Diese Entscheidung enthält keinen zur Veröffentlichung bestimmten Leitsatz.
Gründe:

Die Kläger, deren Kinder die A O1 besuchen, verfolgen mit der Klage die Herabsetzung einer über 30 %igen Schulgelderhöhung, die ihrer Meinung nach unbillig im Sinne des § 315 BGB und deshalb zurückzuzahlen sei, weil das bei Beginn des Schulvertragsverhältnisses gegebene Äquivalenzverhältnis zwischen Ausbildung und Schulgeld nicht gewahrt sei.

Die Kläger machen insbesondere geltend, sie seien von einer langfristigen, die gesamte Schulausbildung der Kinder betreffenden Bindung ausgegangen, was bei der Festsetzung des Schulgeldes nach billigem Ermessen zu berücksichtigen sei.

Die Festsetzung des Schulgeldes ist, wie ausdrücklich in den Aufnahmeanträgen vorgesehen, durch den obersten Rat der europäischen Schulen für diese Schulen in mehreren europäischen Ländern einheitlich und ohne nähere Begründung erfolgt.

Die Einrichtung europäischer Schulen, deren Besuch nur für die Kinder der Bediensteten der Gemeinschaft ohne Schulgeldzahlung möglich ist, beruht auf einer zwischen den Mitgliedern der EG getroffenen Vereinbarung über die Satzung der europäischen Schulen (Bl. 24 f.) auf deren Inhalt Bezug genommen wird. Nach Artikel 24 der Satzung wird der Haushalt der Schulen finanziert durch die Beiträge der Mitgliedsstaaten, den Beitrag der europäischen Gemeinschaften und unter anderem auch durch die Einnahmen der Schulen, insbesondere das Schulgeld, das den Eltern der Schüler, die nicht Bedienstete der Gemeinschaft sind, auf Beschluss des obersten Rates auferlegt wird.

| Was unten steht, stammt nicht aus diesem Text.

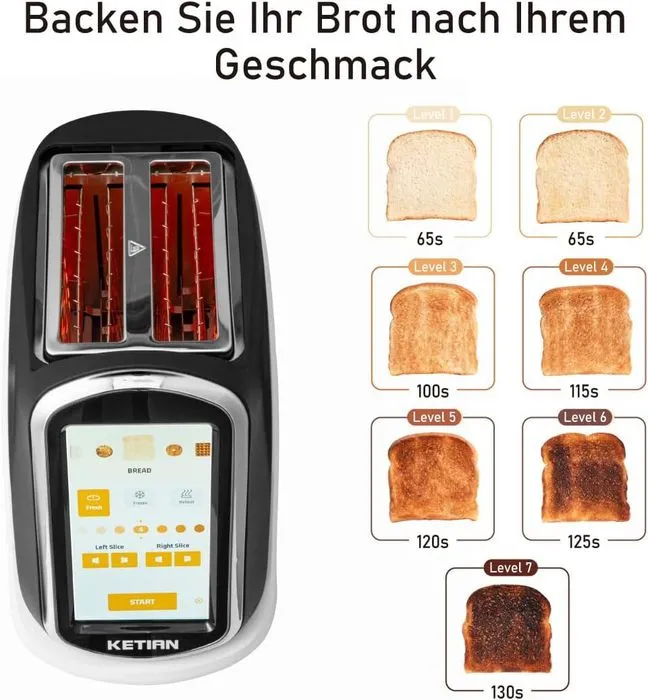 Smart Toaster KETIAN KT-03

Gemäß Artikel 27 der Satzung wird eine Beschwerdekammer eingesetzt, die u.a. bei Streitigkeiten, die die Anwendung dieser Vereinbarung auf die darin genannten Personen betreffen und sich auf die Rechtmäßigkeit einer vom obersten Rat getroffenen und sie beschwerenden Entscheidung beziehen, die erst - und letztinstanzlich ausschließliche Zuständigkeit habe. Bei finanziellen Streitigkeiten hat die Beschwerdekammer die Befugnis zu unbeschränkter Ermessensnachprüfung. Die Voraussetzungen für ein Verfahren der Beschwerdekammer und die entsprechenden Durchführungsbestimmungen sind in den Beschäftigungsbedingungen für das Lehrpersonal und der Regelung für die Lehrbeauftragten oder der allgemeinen Schulordnung festgelegt. In Artikel 27 Abs. 7 heißt es: " Andere Streitigkeiten, bei denen die Schulen Partei sind, unterliegen der Zuständigkeit der nationalen Gerichte."

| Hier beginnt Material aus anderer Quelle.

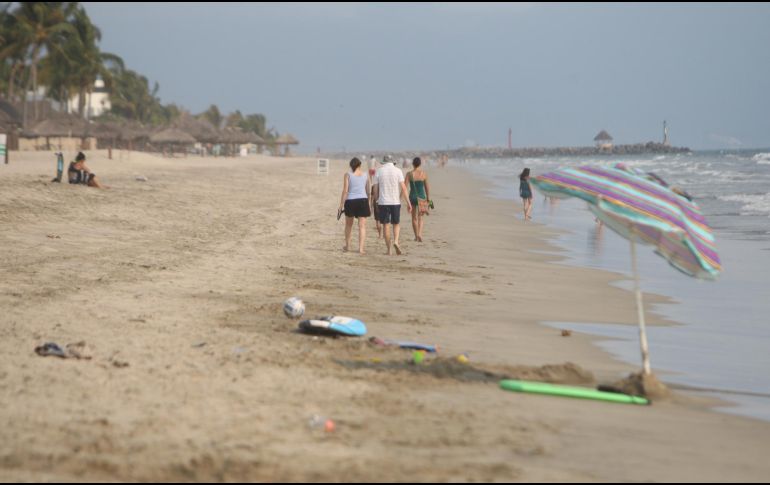 El hecho ocurre en la playa Troncones, en el municipio de La Unión, en la región de la Costa Grande de Guerrero. EL INFORMADOR / ARCHIVO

Die von den Klägern angerufene Beschwerdekammer hat ihre Zuständigkeit verneint, weil eine Beschwerde gegen Schulgeldentscheidungen des Obersten Rats nicht ausdrücklich in der Schulordnung vorgesehen ist (Bl.57). Es sei im Übrigen festzustellen, dass die Beschwerdeführer selbst vortragen, das zwischen ihnen und der Europäischen Schule bestehende Rechtsverhältnis sei privatrechtlich und unterliege dem deutschen Zivilrecht.

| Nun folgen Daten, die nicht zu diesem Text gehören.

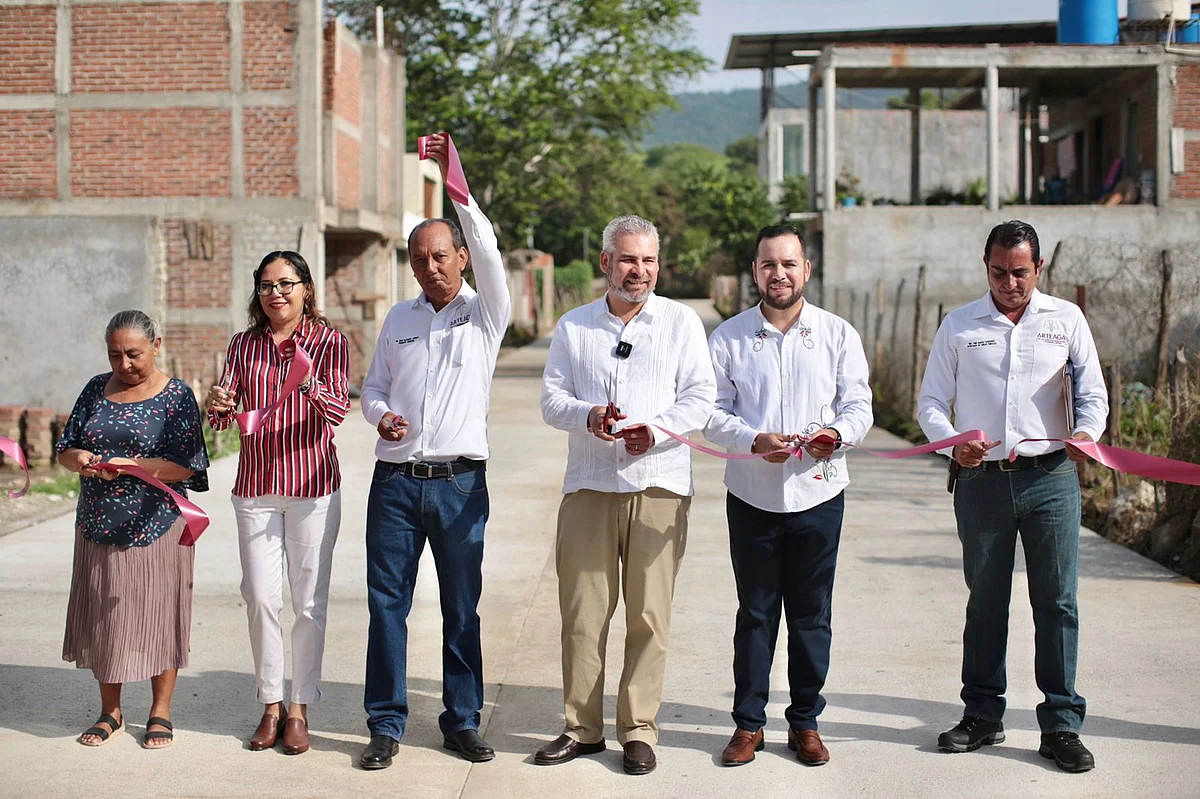 "Arteaga tendrá solvencia económica para trabajar proyectos", afirmó Ramírez Bedolla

Die Beklagte hat zunächst nicht zur Sache Stellung genommen, sondern lediglich das Fehlen der deutschen Gerichtsbarkeit gerügt und die Vereinbarung eines privaten Schiedsgerichts angeregt, dieses Angebot aber nicht aufrechterhalten und vorgetragen, der Generalsekretär der europäischen Schulen werde dem obersten Rat einen Vorschlag zur Ergänzung der allgemeinen Schulordnung dahin vorlegen, dass die verfahrensrechtlichen Voraussetzungen für die Durchführung eines Verfahrens vor der Beschwerdekammer gemäß Artikel 27 Abs. 2, 2. Unterabsatz der Satzung geschaffen werde. Nachdem es zu der beabsichtigten Regelung der von der Beschwerdekammer vermissten verfahrensrechtlichen Voraussetzungen nicht kam und das Verfahren fortgesetzt wurde, beantragte die Beklagte, vorab durch Zwischenurteil über das Bestehen der deutschen Gerichtsbarkeit zu entscheiden.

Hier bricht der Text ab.